Remember, kiddies, liberals are the party of science!

Los Angeles City Council members have discovered how to cause earthquakes. Three councilmen think fracking may be the cause of Monday’s earthquake in the Santa Monica Mountains, and they want the city, state, and feds to do an in-depth review.

Councilmen Paul Koretz, Mike Bonin, and Bernard Parks Tuesday introduced a motion calling for the city, the U.S. Geological Survey, the South Coast Air Quality Management District, and the California Division of Oil, Gas, and Geothermal Resources to report on whether hydraulic fracturing caused the moderate 4.4-magnitude earthquake, the Los Angeles Times reports.

“It is crucial to the health and safety of the City’s residents to understand the seismic impacts of oil and gas extraction activities in the City,” the motion says. “All high-pressure fracking and injection creates ‘seismic events.’ . . .  Active oil extraction activities are reportedly taking place on the Veteran’s Administration grounds in West Los Angeles, nearby the epicenter of the March 17, 2014, 4.4 earthquake.”

Parks, who seconded the motion, tells National Review Online that while fracking is “reportedly” happening near the epicenter, those who signed the motion weren’t completely sure. However, he adds that “earthquakes are happening in areas that are not historically earthquake prone, but they are in places where fracking is going on.”

I’m sorry to say Mike Bonin is my city councilman.

Let’s be honest, here. If Koretz, Parks, and Bonin genuinely think fracking caused an earthquake, they know nothing about earthquakes and are just fearing demons in the night. Earthquakes happen when adjoining tectonic plates, which are constantly in motion against each other, suddenly break and move with a jolt. Sometimes a little bit, as in Monday’s quake, sometimes a lot, as in the 2011 Tohoku quake in Japan. In seismically active areas, such as the western coast of North America, small quakes occur every day and have since long before anyone thought of the words “hydraulic fracturing.”

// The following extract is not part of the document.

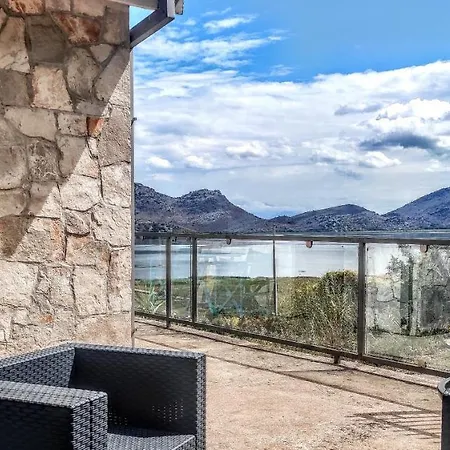 Haustor With Skadar View *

Here’s the technical information for Monday’s shaker. Note the depth: six miles. This is what a USGS geologist had to say when asked about fracking causing that quake:

However, opponents of the moratorium argue that fracking has not been proven to cause any health risks and that claims that it caused this earthquake are not realistic.

“My first impression is that sounds implausible,” seismologist Lucy Jones said. “The earthquake was so deep. Induced earthquakes are almost always shallower than this.”

In other words, yes you might get hit by a bolt from the blue, but that’s no reason to ban walking outdoors.

This call for a study (borrowing from the neverending studies tactic of NY Governor Cuomo) is just another delaying tactic in furtherance of their earlier motion to ban fracking within city limits.  Hydraulic fracturing opponents are using what’s called the “preventative principle” (1) to stop a promising technology that could do wonders for the economy, because the idea of oil and gas exploration goes against their hardcore environmentalist agenda. And then they find lackwit politicians who know nothing about the subject matter, but who are ever so happy to take activists’ donations and campaign help, and get them to pass laws serving that agenda — to the public’s detriment. Their hope is that through delay after delay and more and more burdensome regulations, they can kill what they oppose altogether.

No matter how discredited their propaganda, no matter how safe fracking is shown to be, no matter that even the Energy Secretary of the most left-leaning administration in US history declares it safe, no matter how much this city, this state, and this nation need the economic boost intelligent exploitation of our vast oil and gas resources would provide, fracking opponents continue to throw anything against the wall in the hopes of finding something that will convince people to support a ban.

And sometimes they find the fools they need.

RELATED: Ten myths about natural gas drilling. The UK government thinks fracking is safe. Nancy Pelosi’s daughter even thinks the evil magic of fracking can cause earthquakes far out at sea.

Footnote:
(1) Watch for words like “may,” “might,” “possible,” “could” and other weak words that don’t require any evidence to back them up, just the doubt and fear they create in the (they hope) credulous listener.